Crabapple Beach looking south with Brooks rising in the fog
Crabapple Beach ranks among the most picturesque stretches of sand and off shore rocks on the entire West Coast. The Islets give some protection to a sinuous, sandy shoreline that is three kilometers long and as much as one hundred fifty meters wide at low tide. Rafts of sea otters bob in the lee of the islets and sea lions are draped, snoozing, on the off-shore rocks. The Brooks rises behind the strand as a steep ridge nearly four thousand feet tall cloaked in dark virgin forest.
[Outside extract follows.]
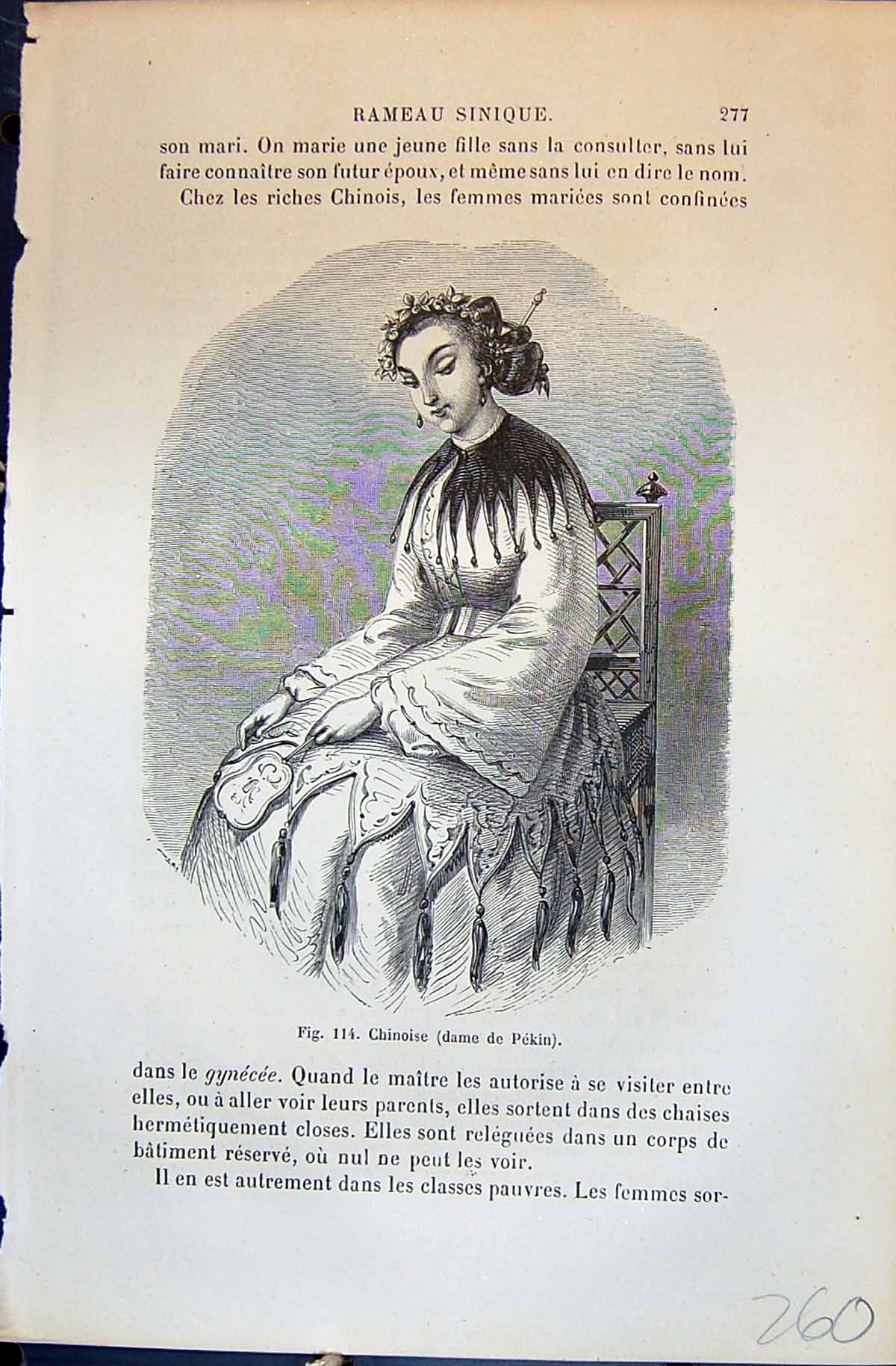 Old Chinoise Dame Pekin China Lady Jeunne Lady 1880 Human Races Humai 19th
The Peninsula was not covered with Pleistocene ice, and so far it has escaped industrial logging and road building; as a result, it is home to several endemics and to an intact plant and animal community.
We arrived on shore early on day eleven with the serious stuff still wildly driving us South. On the beach there was no relief from the relentless wind, but just inside the edge of the forest we were protected from the gale. We set up for the long-term as the marine forecast was calling for two more rough days. Our food bags were shrinking. It would be the luck of the draw whether we would round the Brooks to the south or have to turn back to the north due to low rations.
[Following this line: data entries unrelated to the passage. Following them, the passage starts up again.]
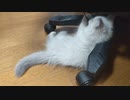 PCの電源を狙って壊そうとしてたのでUSBコードを生贄に差出した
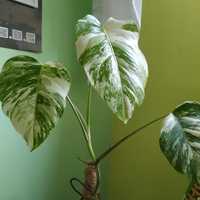 Monstera variegata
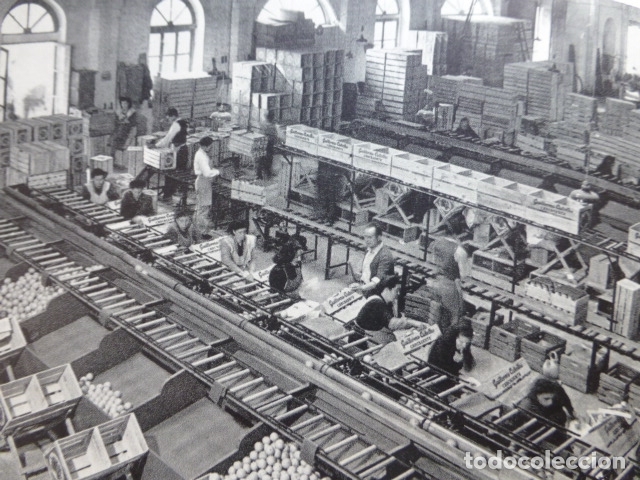 Sammelleidenschaft Papier: VALENCIA LIMPIEZA Y EMPAQUETADO DE NARANJAS ANTIGUA LAMINA HUECOGRABADO A&Ntilde;OS 50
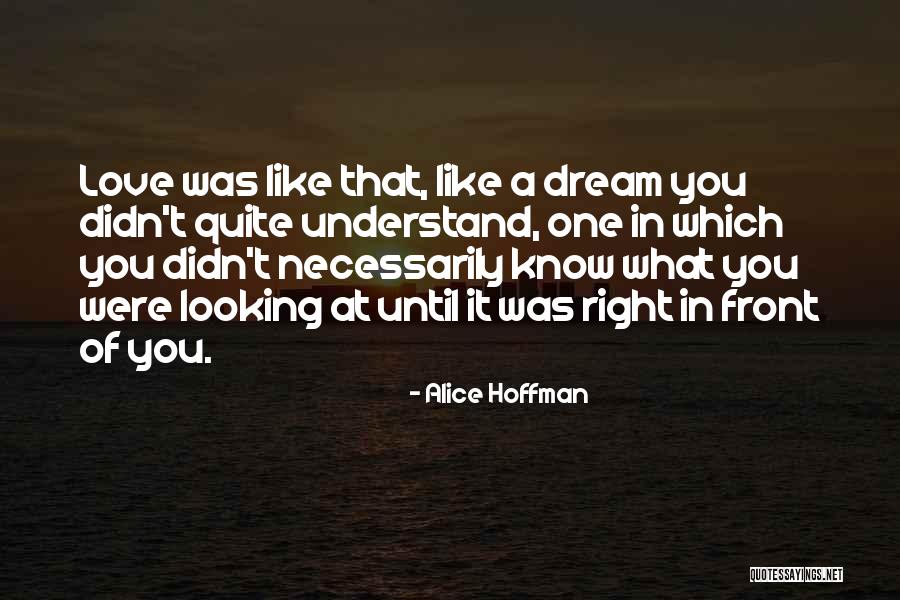Ratlantean Quotes By Alice Hoffman Ratlantean Quotes By Alice Hoffman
Anna and Gary arrived in their kayaks shortly after we got set up. Our trudges up the beach by their camp to get water became opportunities to meet them, which lead to tea and stories, and to fast friendship. They shared a harrowing tale of near disaster from the previous summer. They had been paddling near Lowrie Bay, just south of Cape Scott, when a rapid change in conditions landed them both in the ocean fighting for their lives. Their story includes loving heroism by both of them. A fortunate radio call brought a Coast Guard chopper that ultimately saved the day. We were impressed that they had the courage to be back in their boats and on the West Coast again. They are Salt Spring Island residents who, despite the notorious conditions, find the coast to be irresistible. Two weeks into the trip, they were only the second kayakers we had encountered.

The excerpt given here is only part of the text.